Adler links to Youngstown Sheet & Tube Co v. Sawyer, a 1952 case in which the Supreme Court struck down President Truman’s efforts to unilaterally nationalize the steel industry in the wake of a nationwide strike, which he contended threatened the American war effort in Korea as wel as our defenses against the USSR. While the Court’s majority opinion, written by Justice Hugo Black, was qualified to some extent by the five concurring opinions issued in the case, Black’s warnings about the abuse of Executive Branch authority are well taken:
The President’s order does not direct that a congressional policy be executed in a manner prescribed by Congress — it directs that a presidential policy be executed in a manner prescribed by the President. The preamble of the order itself, like that of many statutes, sets out reasons why the President believes certain policies should be adopted, proclaims these policies as rules of conduct to be followed, and again, like a statute, authorizes a government official to promulgate additional rules and regulations consistent with the policy proclaimed and needed to carry that policy into execution. The power of Congress to adopt such public policies as those proclaimed by the order is beyond question. It can authorize the taking of private property for public use. It can make laws regulating the relationships between employers and employees, prescribing rules designed to settle labor disputes, and fixing wages and working conditions in certain fields of our economy. The Constitution does not subject this lawmaking power of Congress to presidential or military supervision or control.

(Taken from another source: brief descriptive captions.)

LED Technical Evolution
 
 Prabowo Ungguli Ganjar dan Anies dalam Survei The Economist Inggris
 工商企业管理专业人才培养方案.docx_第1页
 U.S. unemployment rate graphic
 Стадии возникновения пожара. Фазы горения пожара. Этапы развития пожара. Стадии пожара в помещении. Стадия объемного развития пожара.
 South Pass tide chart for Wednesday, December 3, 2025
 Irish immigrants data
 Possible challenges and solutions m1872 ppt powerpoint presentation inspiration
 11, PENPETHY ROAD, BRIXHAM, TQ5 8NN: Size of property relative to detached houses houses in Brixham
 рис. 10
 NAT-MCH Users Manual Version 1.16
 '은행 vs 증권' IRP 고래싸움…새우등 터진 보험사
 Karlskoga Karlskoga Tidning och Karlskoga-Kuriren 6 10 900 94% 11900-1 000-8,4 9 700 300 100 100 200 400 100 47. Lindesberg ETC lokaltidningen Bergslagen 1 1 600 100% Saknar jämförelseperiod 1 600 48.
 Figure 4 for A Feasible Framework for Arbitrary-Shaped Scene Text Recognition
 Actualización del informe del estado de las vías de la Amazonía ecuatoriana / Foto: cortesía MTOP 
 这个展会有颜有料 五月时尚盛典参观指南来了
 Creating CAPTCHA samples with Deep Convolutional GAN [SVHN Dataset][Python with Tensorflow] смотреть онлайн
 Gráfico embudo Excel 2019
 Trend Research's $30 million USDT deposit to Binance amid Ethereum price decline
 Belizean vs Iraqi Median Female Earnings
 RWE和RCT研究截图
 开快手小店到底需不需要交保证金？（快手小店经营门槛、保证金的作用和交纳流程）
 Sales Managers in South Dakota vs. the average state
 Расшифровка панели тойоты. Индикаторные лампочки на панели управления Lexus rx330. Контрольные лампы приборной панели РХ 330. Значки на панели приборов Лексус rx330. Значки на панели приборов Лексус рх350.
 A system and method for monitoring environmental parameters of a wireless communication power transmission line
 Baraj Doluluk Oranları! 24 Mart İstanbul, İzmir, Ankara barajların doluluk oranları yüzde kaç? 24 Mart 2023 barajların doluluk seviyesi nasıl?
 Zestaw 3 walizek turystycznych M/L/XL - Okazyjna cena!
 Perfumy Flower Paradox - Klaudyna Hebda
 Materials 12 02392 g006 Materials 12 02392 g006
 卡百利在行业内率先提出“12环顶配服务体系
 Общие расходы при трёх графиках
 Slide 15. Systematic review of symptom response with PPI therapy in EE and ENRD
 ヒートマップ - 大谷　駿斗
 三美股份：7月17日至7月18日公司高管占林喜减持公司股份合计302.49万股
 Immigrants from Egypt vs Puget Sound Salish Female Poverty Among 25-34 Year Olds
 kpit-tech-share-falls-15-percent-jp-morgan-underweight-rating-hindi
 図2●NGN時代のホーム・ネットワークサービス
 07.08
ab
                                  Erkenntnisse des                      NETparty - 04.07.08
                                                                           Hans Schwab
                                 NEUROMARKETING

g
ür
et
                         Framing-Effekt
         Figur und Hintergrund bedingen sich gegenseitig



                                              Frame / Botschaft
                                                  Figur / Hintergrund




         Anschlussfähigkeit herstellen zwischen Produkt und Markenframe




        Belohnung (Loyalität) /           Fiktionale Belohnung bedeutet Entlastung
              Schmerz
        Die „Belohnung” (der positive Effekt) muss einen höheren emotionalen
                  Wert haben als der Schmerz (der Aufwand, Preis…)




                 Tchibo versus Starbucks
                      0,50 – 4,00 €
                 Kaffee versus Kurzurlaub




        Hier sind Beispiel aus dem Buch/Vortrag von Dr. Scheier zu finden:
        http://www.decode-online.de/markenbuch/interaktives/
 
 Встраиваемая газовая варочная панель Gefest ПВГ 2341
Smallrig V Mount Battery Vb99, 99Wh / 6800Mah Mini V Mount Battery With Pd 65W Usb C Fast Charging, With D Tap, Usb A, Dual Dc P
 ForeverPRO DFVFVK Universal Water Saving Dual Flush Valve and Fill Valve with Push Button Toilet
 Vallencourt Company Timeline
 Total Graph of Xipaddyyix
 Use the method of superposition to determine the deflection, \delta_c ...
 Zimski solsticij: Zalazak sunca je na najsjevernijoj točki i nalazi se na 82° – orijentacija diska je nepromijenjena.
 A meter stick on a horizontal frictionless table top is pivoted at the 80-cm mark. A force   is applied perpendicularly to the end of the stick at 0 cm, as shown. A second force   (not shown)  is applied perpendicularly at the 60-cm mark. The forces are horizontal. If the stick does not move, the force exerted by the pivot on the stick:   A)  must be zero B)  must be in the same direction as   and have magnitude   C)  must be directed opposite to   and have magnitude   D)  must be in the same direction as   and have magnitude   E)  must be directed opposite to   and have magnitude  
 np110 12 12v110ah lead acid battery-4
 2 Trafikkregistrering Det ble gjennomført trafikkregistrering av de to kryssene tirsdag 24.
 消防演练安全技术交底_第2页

It is said that other Presidents, without congressional authority, have taken possession of private business enterprises in order to settle labor disputes. But even if this be true, Congress has not thereby lost its exclusive constitutional authority to make laws necessary and proper to carry out the powers vested by the Constitution “in the Government of the United States, or any Department or Officer thereof.”
The Founders of this Nation entrusted the lawmaking power to the Congress alone in both good and bad times. It would do no good to recall the historical events, the fears of power, and the hopes for freedom that lay behind their choice. Such a review would but confirm our holding that this seizure order cannot stand.
Adler’s point, and I agree, is that an assertion by the President that he has the authority to ignore the law, and ignore the fact that the Constitution gives Congress the sole authority on this issue, and issue new debt in the name of the United States would be the biggest executive power grab since Harry Truman tried to nationalize the steel industry, and it would just as unconstitutional. Those on the left, such as Katrina vanden Heuvel in today’s Washington Post, calling on the President to exercise this supposed authority, or at least threatening today, are essentially endorsing a lawless, arbitrary act by the President. If the President were a Republican, they’d be rightly screaming about how improper this is. Instead, they seem to be happily following him down a road that only ends in one place.